§ Task instructions: Provide the entries once more, identical in every word.

─── Supplied entries

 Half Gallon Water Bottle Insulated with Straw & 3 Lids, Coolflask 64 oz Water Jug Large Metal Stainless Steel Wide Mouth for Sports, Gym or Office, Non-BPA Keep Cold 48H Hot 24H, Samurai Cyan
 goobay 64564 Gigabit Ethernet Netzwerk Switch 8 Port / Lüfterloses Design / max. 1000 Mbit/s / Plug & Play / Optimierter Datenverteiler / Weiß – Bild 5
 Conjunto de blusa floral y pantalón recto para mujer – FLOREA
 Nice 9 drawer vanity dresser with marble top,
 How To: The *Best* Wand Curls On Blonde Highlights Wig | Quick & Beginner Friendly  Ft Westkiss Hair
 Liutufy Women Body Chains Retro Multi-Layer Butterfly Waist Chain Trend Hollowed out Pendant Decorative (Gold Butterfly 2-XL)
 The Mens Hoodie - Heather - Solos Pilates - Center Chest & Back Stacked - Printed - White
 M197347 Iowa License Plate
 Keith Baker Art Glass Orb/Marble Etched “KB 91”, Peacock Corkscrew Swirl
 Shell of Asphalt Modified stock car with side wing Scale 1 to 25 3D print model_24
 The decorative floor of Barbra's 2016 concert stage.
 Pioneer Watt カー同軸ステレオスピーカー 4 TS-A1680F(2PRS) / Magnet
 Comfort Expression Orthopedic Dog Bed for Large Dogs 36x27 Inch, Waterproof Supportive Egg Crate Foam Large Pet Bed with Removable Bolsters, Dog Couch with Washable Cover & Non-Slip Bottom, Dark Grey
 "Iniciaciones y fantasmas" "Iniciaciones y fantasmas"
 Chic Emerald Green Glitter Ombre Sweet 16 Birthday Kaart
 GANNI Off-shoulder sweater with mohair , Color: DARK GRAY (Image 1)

──────

§ Answer section:
 Half Gallon Water Bottle Insulated with Straw & 3 Lids, Coolflask 64 oz Water Jug Large Metal Stainless Steel Wide Mouth for Sports, Gym or Office, Non-BPA Keep Cold 48H Hot 24H, Samurai Cyan
 goobay 64564 Gigabit Ethernet Netzwerk Switch 8 Port / Lüfterloses Design / max. 1000 Mbit/s / Plug & Play / Optimierter Datenverteiler / Weiß – Bild 5
 Conjunto de blusa floral y pantalón recto para mujer – FLOREA
 Nice 9 drawer vanity dresser with marble top,
 How To: The *Best* Wand Curls On Blonde Highlights Wig | Quick & Beginner Friendly  Ft Westkiss Hair
 Liutufy Women Body Chains Retro Multi-Layer Butterfly Waist Chain Trend Hollowed out Pendant Decorative (Gold Butterfly 2-XL)
 The Mens Hoodie - Heather - Solos Pilates - Center Chest & Back Stacked - Printed - White
 M197347 Iowa License Plate
 Keith Baker Art Glass Orb/Marble Etched “KB 91”, Peacock Corkscrew Swirl
 Shell of Asphalt Modified stock car with side wing Scale 1 to 25 3D print model_24
 The decorative floor of Barbra's 2016 concert stage.
 Pioneer Watt カー同軸ステレオスピーカー 4 TS-A1680F(2PRS) / Magnet
 Comfort Expression Orthopedic Dog Bed for Large Dogs 36x27 Inch, Waterproof Supportive Egg Crate Foam Large Pet Bed with Removable Bolsters, Dog Couch with Washable Cover & Non-Slip Bottom, Dark Grey
 "Iniciaciones y fantasmas" "Iniciaciones y fantasmas"
 Chic Emerald Green Glitter Ombre Sweet 16 Birthday Kaart
 GANNI Off-shoulder sweater with mohair , Color: DARK GRAY (Image 1)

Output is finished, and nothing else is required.